Table of Contents

Preface
Introduction
What is a buffer pool?
How are they usually built?
Getting io_uring involved
Show me the code!
- Disk Manager Implementation
- Buffer Pool Manager Implementation
Conclusion
References
Thanks & Appreciation
Errata

Preface

Credit for OpenGraph images goes to Unixism and the Zig Foundation.

A few days ago, I had a shower thought:

Shower thought:
io_uring lets you pre-allocate and register a pool of buffers to use for ops, instead of providing them on each call
Why not implement a DB buffer pool where the bufs are registered w/ io_uring?
Then you don't need to pass buffers between the BP + disk manager pic.twitter.com/LDnlO4EWvp
— Gavin Ray (@GavinRayDev) October 10, 2022

This post is the result of exploring that thought.

Introduction

io_uring is a new Linux kernel API that allows applications to submit I/O requests to the kernel and receive completion events for those requests. It is a much more efficient alternative to the traditional epoll/kqueue-based asynchronous I/O model. In this post, we will explore how to build a high-performance database buffer pool in Zig using io_uring's new fixed-buffer mode.

I chose Zig to implement this because:

I'm not very familiar with it, and it was a good opportunity to learn
It turns out that Zig has a nice io_uring API baked into std, which makes it a natural fit for this project

Incidentally, the author of said API is the founder of TigerBeetle DB.

DISCLAIMER:

I am not an expert on Zig, nor io_uring, nor databases. This is a learning project for me, and I'm sharing it in the hopes that it will be useful to others.
The disk manager & buffer pool implementations in this post do not implement critical sections/locking, so they are not thread-safe.
- They are also incomplete implementations. Only enough to showcase somewhat-realistic use of io_uring's fixed-buffer mode in a database context was written.

What is a buffer pool?

A database buffer pool is essentially a cache of database pages (chunks of fixed-size bytes). When a database page is requested, it is first checked if it is already in the buffer pool. If it is, then the page is returned immediately. If it is not, then the page is read from disk and added to the buffer pool. If the buffer pool is full, then a page is evicted from the buffer pool to make room for the new page.

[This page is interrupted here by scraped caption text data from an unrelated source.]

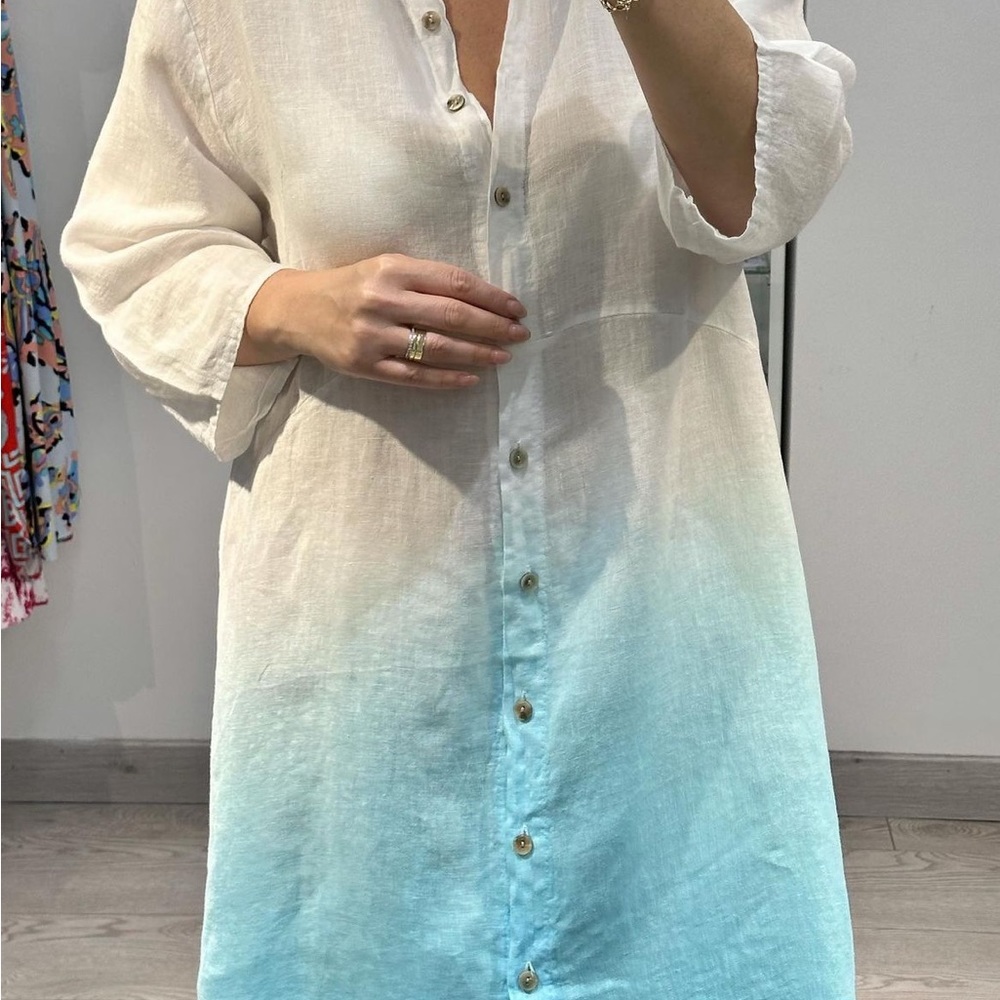 Long dress 100%linen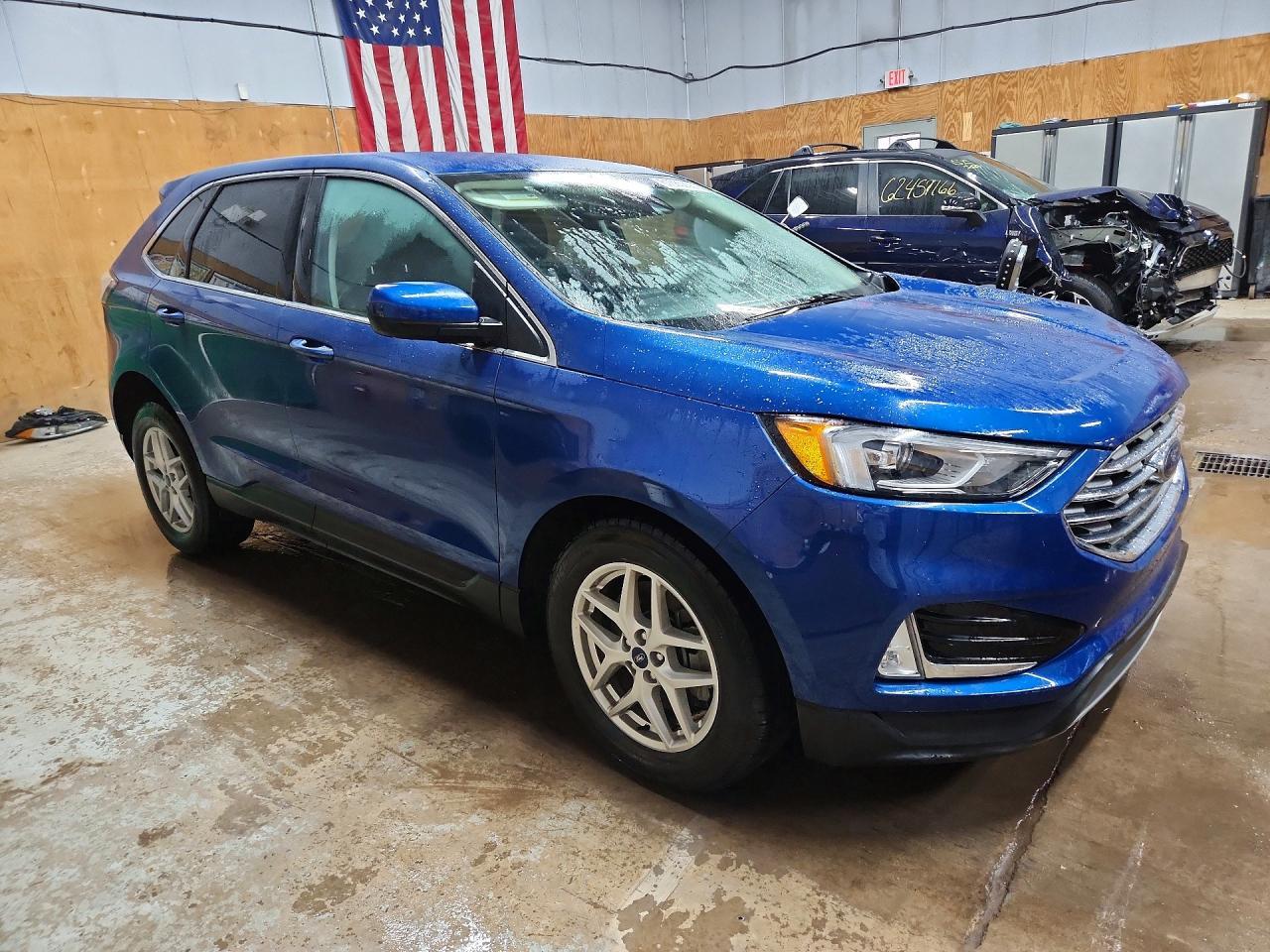2021 Ford Edge Sel - zdjęcie 4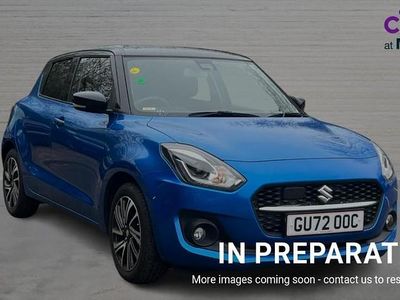Used Suzuki Swift SZ5 83 HP (61 kW) 2023 Blue Hatchback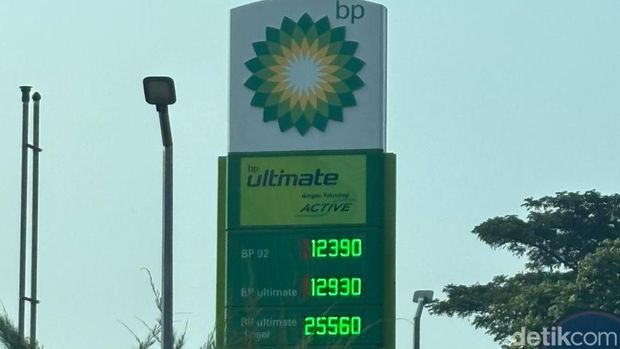 Harga BBM BP-AKR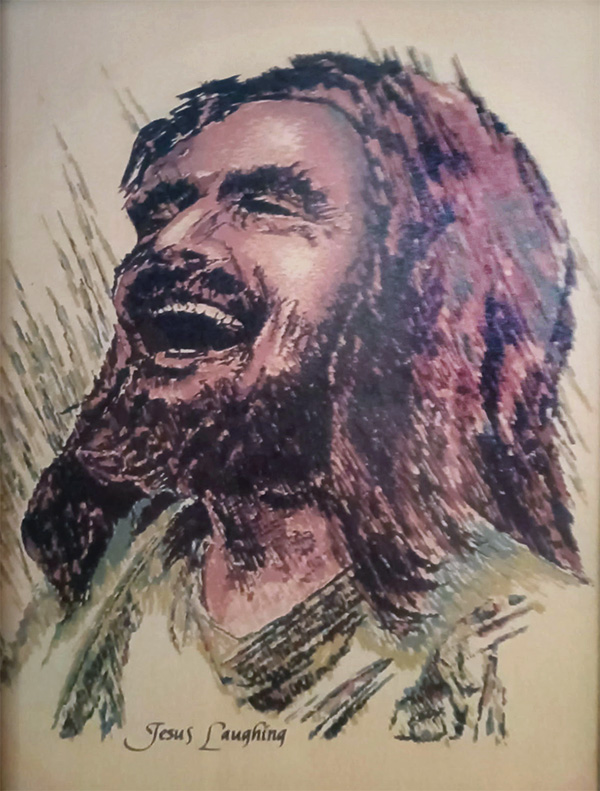 The Laughing Jesus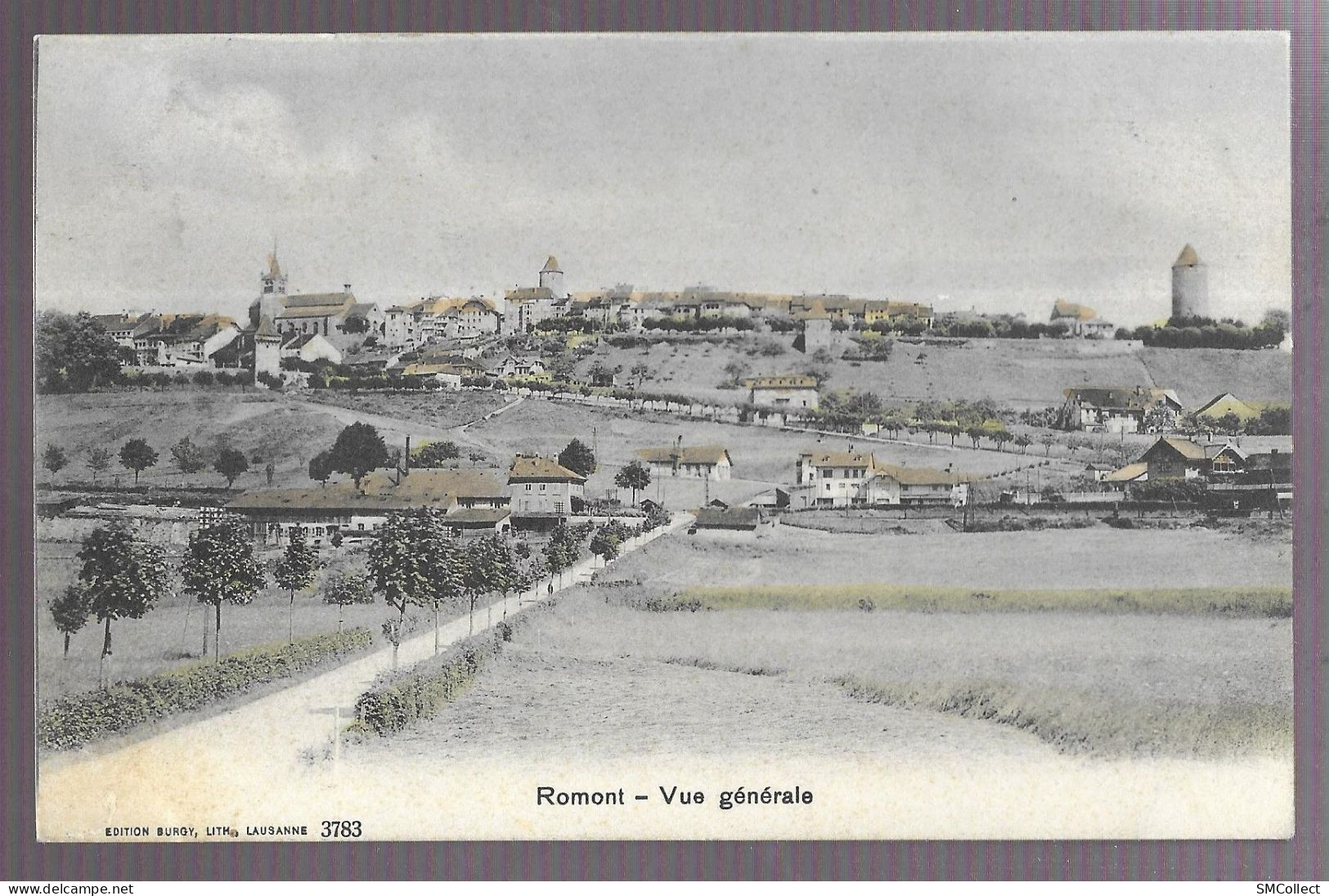 Gravières, Chapelle De Lourdes (A17p30) - Romont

The buffer pool is a critical component of a database. It is responsible for reducing the number of disk reads and writes. It also reduces the amount of memory required to store the database pages. In this post, we will explore how to build a high-performance buffer pool in Zig using io_uring's new fixed-buffer mode.

How are they usually built?

The traditional way to architect a buffer pool is to have it function similar to an arena allocator. A fixed amount of memory is allocated up-front when the buffer pool is created, and when reading/writing pages to disk, pointers/references to fixed-size chunks of that memory are passed to the disk manager. The disk manager then reads/writes the pages to disk, and the buffer pool is responsible for updating the page's metadata (e.g. dirty bit, reference count, etc).

When the disk manager performs I/O operations, these generally block the calling thread. This means that if the buffer pool wants to support concurrent I/O operations, then it must offload them to separate threads. This is usually done by having a thread pool that I/O request can be submitted to.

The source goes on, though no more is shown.